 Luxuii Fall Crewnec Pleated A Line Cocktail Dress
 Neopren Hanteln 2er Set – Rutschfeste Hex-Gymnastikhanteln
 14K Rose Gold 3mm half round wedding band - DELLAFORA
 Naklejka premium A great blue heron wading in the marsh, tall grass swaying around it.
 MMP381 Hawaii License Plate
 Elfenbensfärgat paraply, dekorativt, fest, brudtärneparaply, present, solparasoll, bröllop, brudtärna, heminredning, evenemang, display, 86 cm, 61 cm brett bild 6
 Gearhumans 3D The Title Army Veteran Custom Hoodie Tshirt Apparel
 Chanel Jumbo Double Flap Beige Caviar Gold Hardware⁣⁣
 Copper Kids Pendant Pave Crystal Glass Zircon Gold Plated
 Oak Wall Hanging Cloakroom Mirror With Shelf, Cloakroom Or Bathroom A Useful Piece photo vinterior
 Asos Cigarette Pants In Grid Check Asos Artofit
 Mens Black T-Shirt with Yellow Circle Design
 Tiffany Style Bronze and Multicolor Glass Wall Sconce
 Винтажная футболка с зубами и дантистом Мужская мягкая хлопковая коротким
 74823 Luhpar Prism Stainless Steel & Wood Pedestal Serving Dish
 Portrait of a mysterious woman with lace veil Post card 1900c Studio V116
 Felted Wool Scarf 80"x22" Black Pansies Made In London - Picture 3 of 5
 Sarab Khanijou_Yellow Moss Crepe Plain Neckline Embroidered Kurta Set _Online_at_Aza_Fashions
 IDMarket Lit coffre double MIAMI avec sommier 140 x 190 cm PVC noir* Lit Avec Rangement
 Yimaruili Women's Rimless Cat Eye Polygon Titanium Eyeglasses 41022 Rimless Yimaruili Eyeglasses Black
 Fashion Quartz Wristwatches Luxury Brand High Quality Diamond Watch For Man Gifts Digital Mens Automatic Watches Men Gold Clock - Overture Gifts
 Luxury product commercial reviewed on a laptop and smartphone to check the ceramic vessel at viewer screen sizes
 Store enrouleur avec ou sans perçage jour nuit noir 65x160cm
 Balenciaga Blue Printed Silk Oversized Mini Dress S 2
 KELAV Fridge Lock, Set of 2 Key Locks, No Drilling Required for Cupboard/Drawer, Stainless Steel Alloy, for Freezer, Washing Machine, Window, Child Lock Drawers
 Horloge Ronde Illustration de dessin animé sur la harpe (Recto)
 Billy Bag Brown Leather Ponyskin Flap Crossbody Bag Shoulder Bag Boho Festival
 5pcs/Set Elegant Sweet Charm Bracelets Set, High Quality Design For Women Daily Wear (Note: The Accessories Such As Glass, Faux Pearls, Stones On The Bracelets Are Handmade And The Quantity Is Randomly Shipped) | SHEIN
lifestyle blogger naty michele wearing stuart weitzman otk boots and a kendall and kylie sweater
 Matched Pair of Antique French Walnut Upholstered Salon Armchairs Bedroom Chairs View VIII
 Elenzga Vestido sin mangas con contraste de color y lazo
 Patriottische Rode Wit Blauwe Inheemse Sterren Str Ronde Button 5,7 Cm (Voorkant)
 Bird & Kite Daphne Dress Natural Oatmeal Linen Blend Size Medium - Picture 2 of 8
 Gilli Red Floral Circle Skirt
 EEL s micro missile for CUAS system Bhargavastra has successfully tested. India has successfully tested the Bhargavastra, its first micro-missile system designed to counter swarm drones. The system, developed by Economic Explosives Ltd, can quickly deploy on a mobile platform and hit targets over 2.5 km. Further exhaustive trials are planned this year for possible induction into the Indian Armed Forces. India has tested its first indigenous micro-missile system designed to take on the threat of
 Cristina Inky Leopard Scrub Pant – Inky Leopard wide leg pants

▬▬▬▬▬▬

> Your task
Take the lines from the first line of the records through the line holding "Gearhumans 3D The", both included, and please reproduce them exactly with nothing added.

> Solution for this problem
 Luxuii Fall Crewnec Pleated A Line Cocktail Dress
 Neopren Hanteln 2er Set – Rutschfeste Hex-Gymnastikhanteln
 14K Rose Gold 3mm half round wedding band - DELLAFORA
 Naklejka premium A great blue heron wading in the marsh, tall grass swaying around it.
 MMP381 Hawaii License Plate
 Elfenbensfärgat paraply, dekorativt, fest, brudtärneparaply, present, solparasoll, bröllop, brudtärna, heminredning, evenemang, display, 86 cm, 61 cm brett bild 6
 Gearhumans 3D The Title Army Veteran Custom Hoodie Tshirt Apparel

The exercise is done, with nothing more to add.